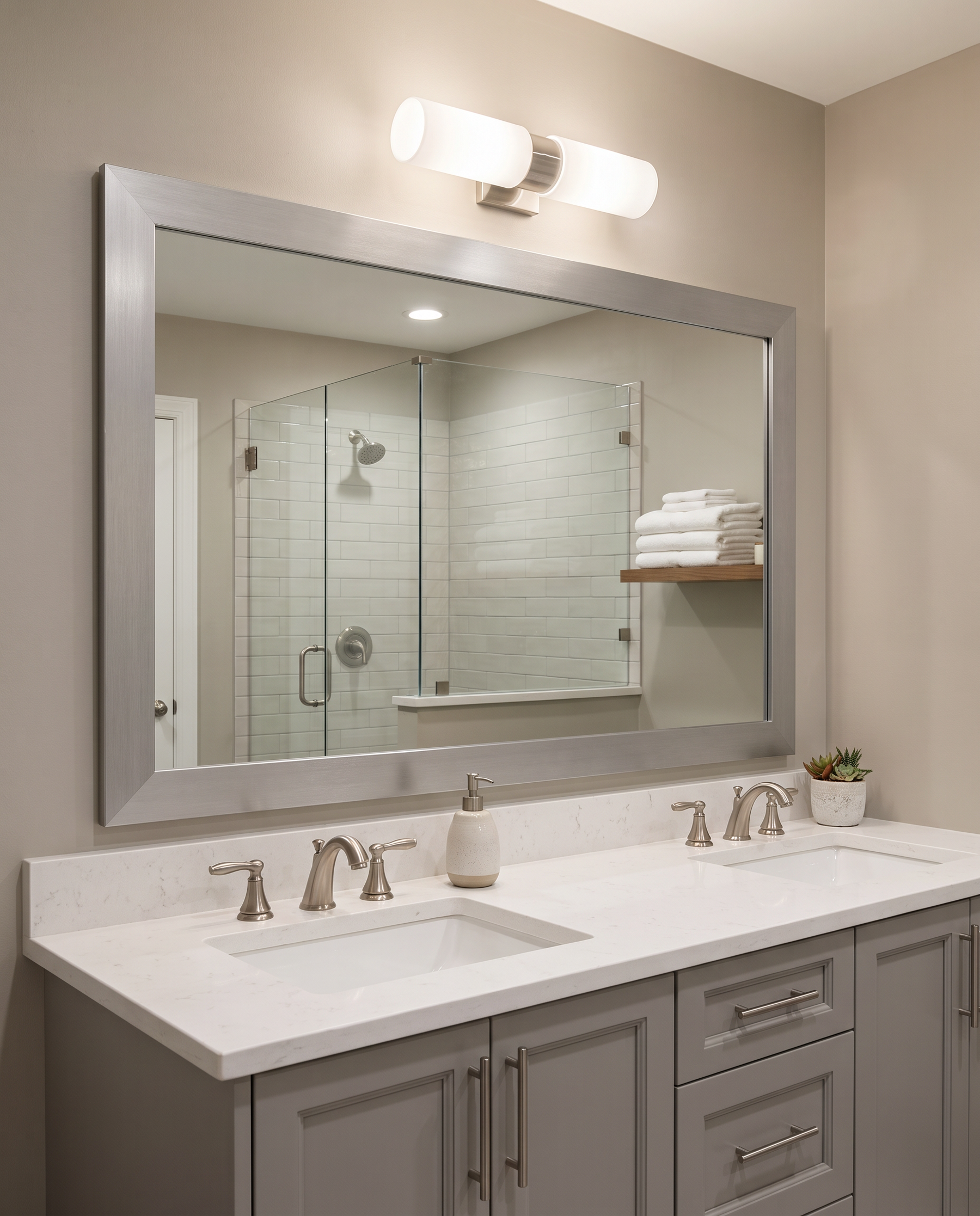 Professionally designed bathroom with a Berkshire Silver vanity mirror and coordinated finishes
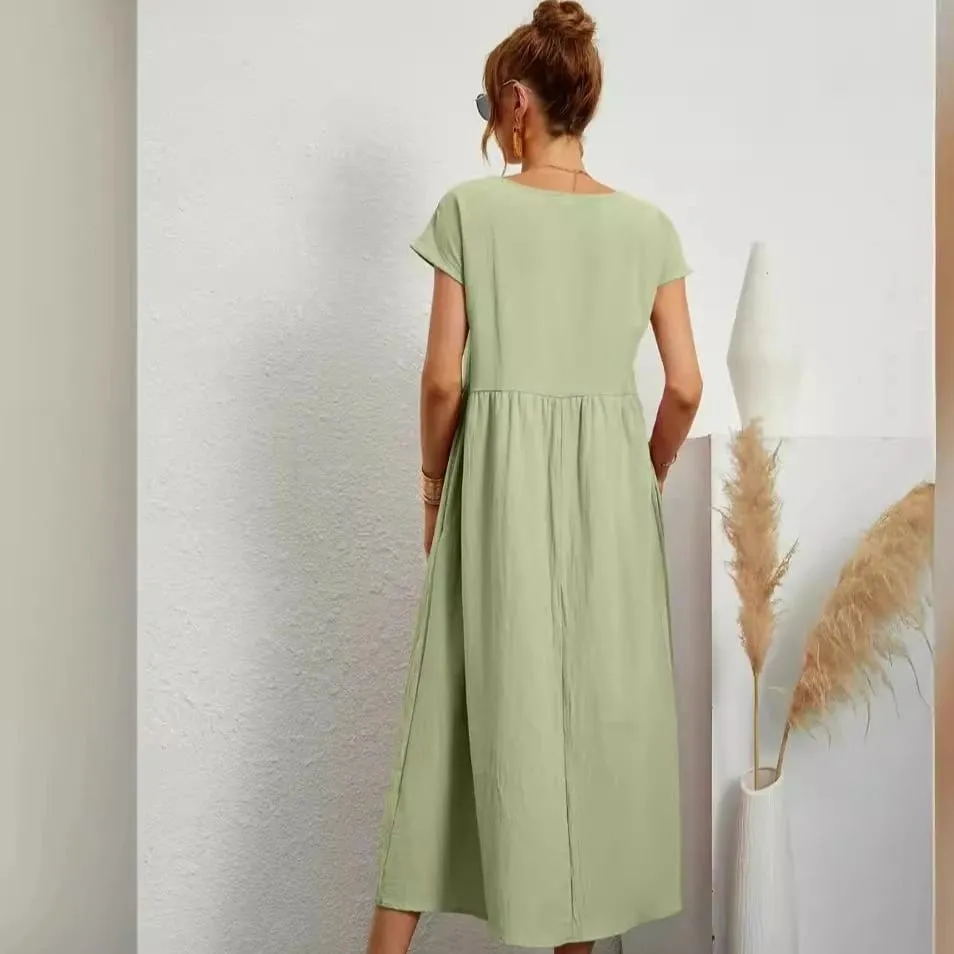 Gaun Linen Kapas Pepejal Premium yang Elegan Midi Musim Panas dengan Poket Longgar Leher Krew Kasual Lengan Pendek untuk Perjalanan Pantai — image 4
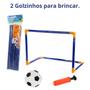 Imagem de Mini Trave de Futebol Kit Golzinho Jogo Gol a Gol X1 Treino Brinquedo Infantil dia Crianças com Bola e Bomba de Enchimento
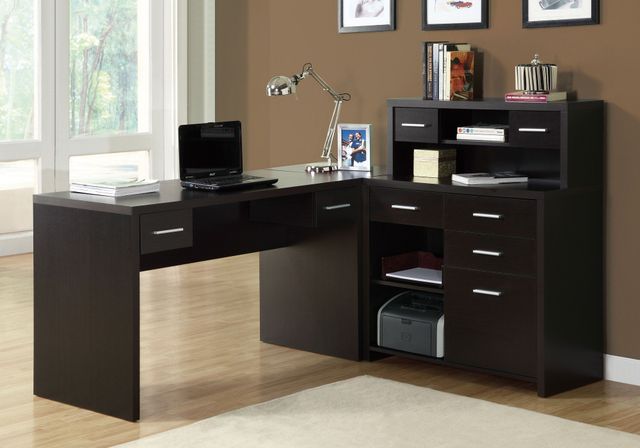 Monarch Specialties Inc. Espresso L Shaped Corner Desk-2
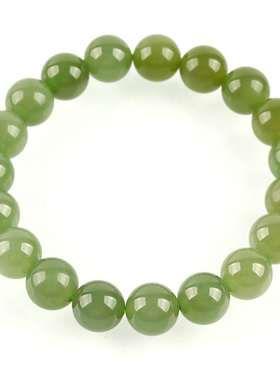 欧说珠宝青白玉圆珠手串晴水绿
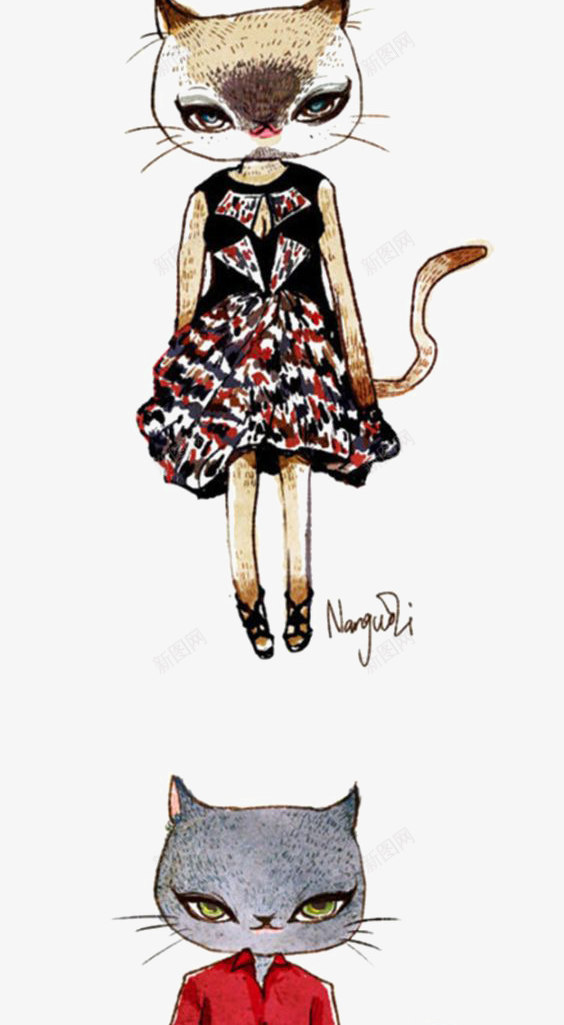 猫咪png免抠素材_新图网 https://ixintu.com 动物 卡通 宠物猫 手绘 礼服 红色裙子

^^^^^^^^

Task:
Return all the material exactly, pictures excluded.

Written response:
 Professionally designed bathroom with a Berkshire Silver vanity mirror and coordinated finishes
 Gaun Linen Kapas Pepejal Premium yang Elegan Midi Musim Panas dengan Poket Longgar Leher Krew Kasual Lengan Pendek untuk Perjalanan Pantai — image 4
 Imagem de Mini Trave de Futebol Kit Golzinho Jogo Gol a Gol X1 Treino Brinquedo Infantil dia Crianças com Bola e Bomba de Enchimento
 Monarch Specialties Inc. Espresso L Shaped Corner Desk-2
 欧说珠宝青白玉圆珠手串晴水绿
 猫咪png免抠素材_新图网 https://ixintu.com 动物 卡通 宠物猫 手绘 礼服 红色裙子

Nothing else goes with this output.